Esta práctica, a todas luces buena para el avance de la ciencia, derivó muy pronto en un gran negocio para algunas editoriales, que rápidamente instauraron las revistas de ciencia. Algunas sin lugar a duda serias y muy respetadas por sus estrictas reglas de selección y análisis de los trabajos presentados que, como Nature o Science, han logrado mantener sus altos estándares de calidad a pesar de las crecientes presiones comerciales, acentuadas en las últimas décadas; no obstante, cuando instituciones y gobiernos comenzaron a imponerle a sus académicos la obligación de publicar para conservar sus empleos se originó un gran problema, al estimular el surgimiento de un sinnúmero de revistas “científicas”, cuyo rigor deja mucho que desear.
Estas revistas, conocidas en el medio académico como depredadoras, acaparan cada día la atención de más investigadores, al punto de que algunas, como el International Journal of Environmental Research and Public Health, llegó a publicar hasta 17 mil reportes científicos en 2022, lo que representa unas doce veces más respecto de los que aparecieron en sus números del 2016.

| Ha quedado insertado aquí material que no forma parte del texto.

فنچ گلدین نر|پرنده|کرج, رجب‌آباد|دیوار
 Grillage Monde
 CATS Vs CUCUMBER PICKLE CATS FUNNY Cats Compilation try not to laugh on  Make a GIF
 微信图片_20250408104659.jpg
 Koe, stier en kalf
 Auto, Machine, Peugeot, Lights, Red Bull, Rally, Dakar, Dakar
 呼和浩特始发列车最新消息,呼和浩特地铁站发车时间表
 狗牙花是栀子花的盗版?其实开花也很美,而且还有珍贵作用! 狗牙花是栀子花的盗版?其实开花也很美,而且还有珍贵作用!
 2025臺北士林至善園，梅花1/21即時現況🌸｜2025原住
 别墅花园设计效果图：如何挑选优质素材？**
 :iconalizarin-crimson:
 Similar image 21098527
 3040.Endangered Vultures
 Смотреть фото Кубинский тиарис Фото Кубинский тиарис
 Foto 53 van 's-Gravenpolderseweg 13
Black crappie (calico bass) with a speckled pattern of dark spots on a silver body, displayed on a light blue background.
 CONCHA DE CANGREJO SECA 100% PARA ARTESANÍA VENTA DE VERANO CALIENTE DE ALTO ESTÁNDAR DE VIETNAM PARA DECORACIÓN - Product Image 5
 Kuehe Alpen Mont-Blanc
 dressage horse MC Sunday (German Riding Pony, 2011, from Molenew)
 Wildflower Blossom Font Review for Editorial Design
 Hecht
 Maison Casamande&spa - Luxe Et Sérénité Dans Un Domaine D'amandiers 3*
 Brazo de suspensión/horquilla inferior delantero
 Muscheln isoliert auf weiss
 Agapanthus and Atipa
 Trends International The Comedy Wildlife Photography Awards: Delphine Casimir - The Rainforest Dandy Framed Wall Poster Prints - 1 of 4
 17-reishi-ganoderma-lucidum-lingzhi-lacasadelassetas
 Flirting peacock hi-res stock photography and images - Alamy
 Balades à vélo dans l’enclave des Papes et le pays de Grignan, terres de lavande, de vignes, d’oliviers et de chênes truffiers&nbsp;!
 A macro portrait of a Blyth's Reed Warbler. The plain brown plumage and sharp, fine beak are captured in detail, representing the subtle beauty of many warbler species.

En este caso —como sucede casi en cualquier otro ámbito— el surgimiento de estas revistas depredadoras de la ciencia sólo es el síntoma de la enfermedad que ataca a la investigación científica, misma que se ha desarrollado desde adentro de las instituciones de educación superior y de investigación públicas, y que en algunos países, México entre ellos, ha traspasado sus muros para convertirse en un aparentemente buen indicador nacional de medición de la calidad de los académicos: el número de publicaciones que realizan al año. Indicadores como este terminan convirtiéndose en la meta de todos aquellos investigadores que buscan ascender en el escalafón de sus instituciones, o mantener sus empleos.
Programas como el anterior Sistema Nacional de Investigadores promovieron durante décadas el ingreso, la permanencia y la promoción entre sus distintos niveles de aquellos científicos que publicaran más artículos, y con ello terminaron distorsionando los criterios de empleabilidad y mejoras salariales en gran parte de las instituciones académicas del país. Por supuesto, México no es el único país que se dejó llevar por este indicador perverso. En otras naciones se han descubierto casos de investigadores que aparecen como coautores en decenas y hasta más de una centena de artículos al año, lo que, a excepción de los genios, resulta imposible de realizar, pues significa que los involucrados estarían publicando en promedio más de un artículo cada día hábil o, lo que resulta más creíble, dichos estudios carecieron del rigor metodológico que define a la actividad científica.
Adicionalmente, la tendencia de muchos países —el nuestro incluido— por emitir leyes de acceso abierto, supuestamente para con ello garantizar el derecho humano al acceso al conocimiento científico, ha traído como consecuencia que las editoriales cambien su modelo de negocio para ahora cobrarle a los autores por la publicación de sus trabajos, en lugar de hacerlo con los interesados en su lectura, como era antes. Esto ha causado una corrupción del sistema, pues ha terminado por relajar los mecanismos de revisión de las revistas depredadoras: entre más artículos acepten, más dinero ganan. De esta forma, la consigna de publicar o perecer parece estar conduciendo a la ciencia hacia uno de sus peores momentos.
Lo anterior, dicho sin aberraciones.